The section that starts with 11a13,15 shows three lines that are new in the second file. The a stands for added, but that block looks a bit strange doesn't it? It seems like we're adding a return and an if condition but nobody for the if block. What's up with that? To understand this better we can use the -u flag to tell diff to show the differences in another format.

This unified format is pretty different from the one that we saw before. It shows the change lines together with some context, using the “-“ sign to mark lines that were removed, and the “+” sign to mark lines that were added. The extra context let's us better know what's going on with the change that we're diffing. We can see that the new file actually has a completely new if block that's part of a chain of conditionals that looks very similar, and that's why with the diff output that we saw before, it was a little confusing which lines had been added.
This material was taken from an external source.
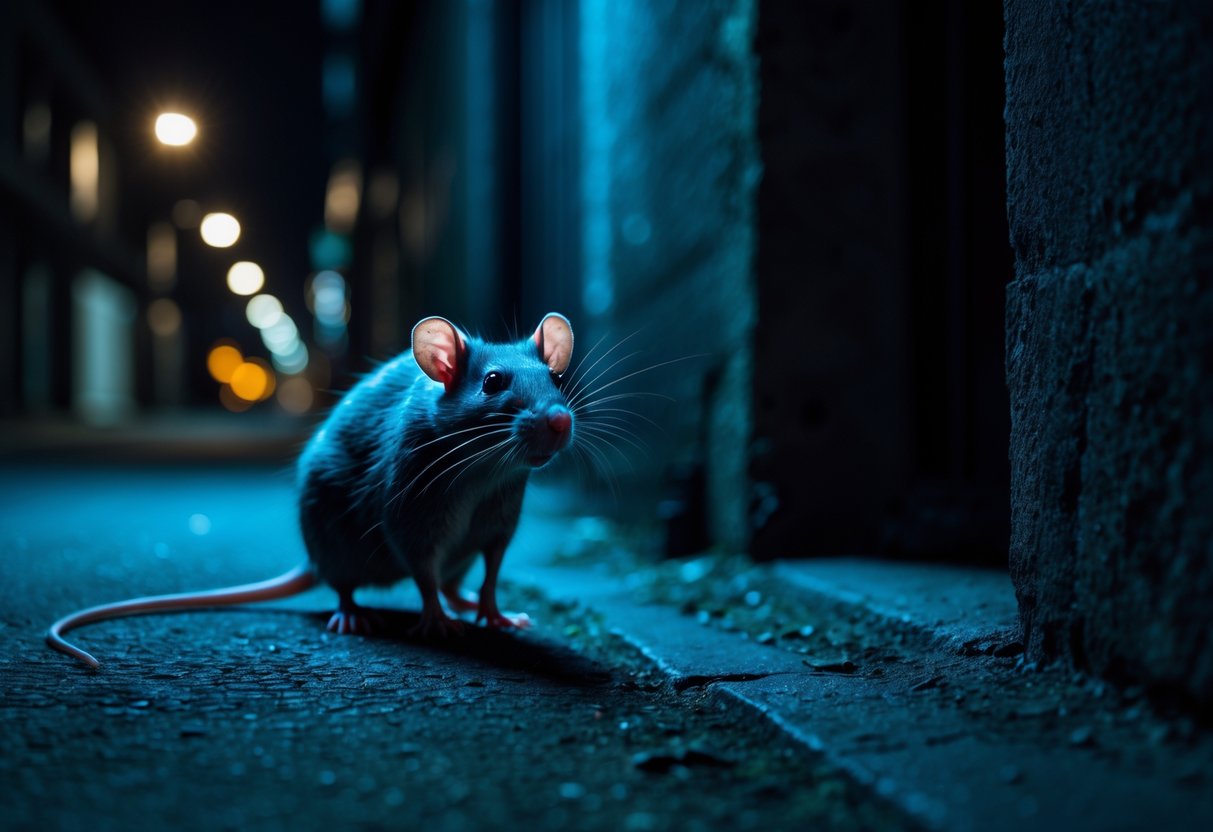 A rat cautiously peeking out from a dark alley at night, with shadows of a predator in the background.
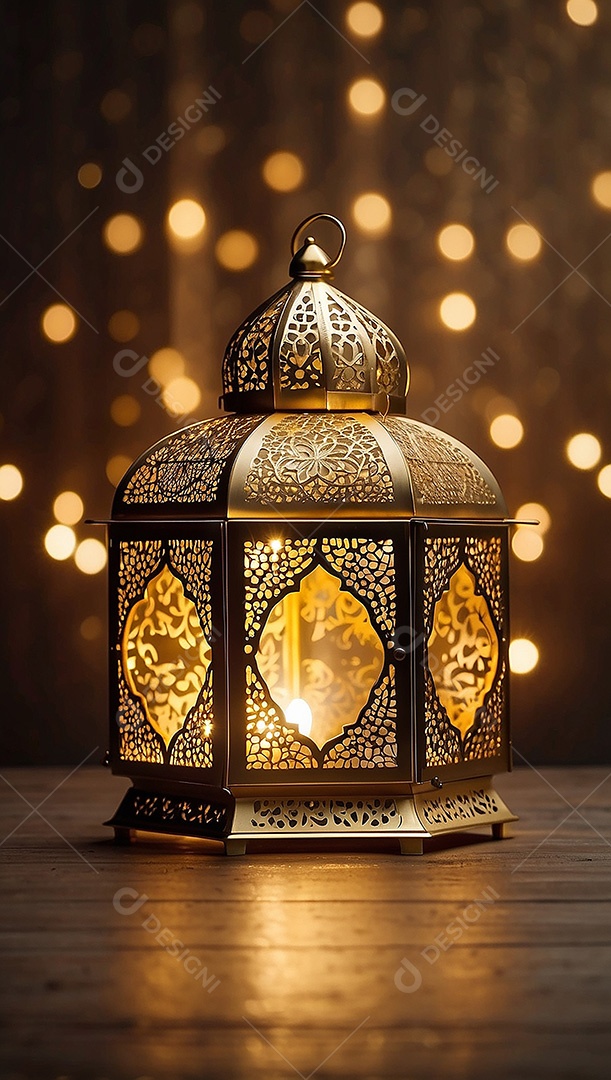 Lanterna islâmica de ouro padrão espaço vazio lua nuvens luzes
There are a lot of tools out there to compare files. Diff is the most popular one, but not the only one available. For example, wdiff highlights the words that have changed in a file instead of working line by line like diff does.

To help us even more, there are bunch of graphical tools that display files side by side and highlight the differences by using color. Some examples of this include: meld, KDiff3, or vimdiff.

Applying Changes

Imagine a colleague sends you a script with a bug and asked you to help fix the issue. To make the change clear, you could send him a diff with the change so that they can see what the modified code looks like.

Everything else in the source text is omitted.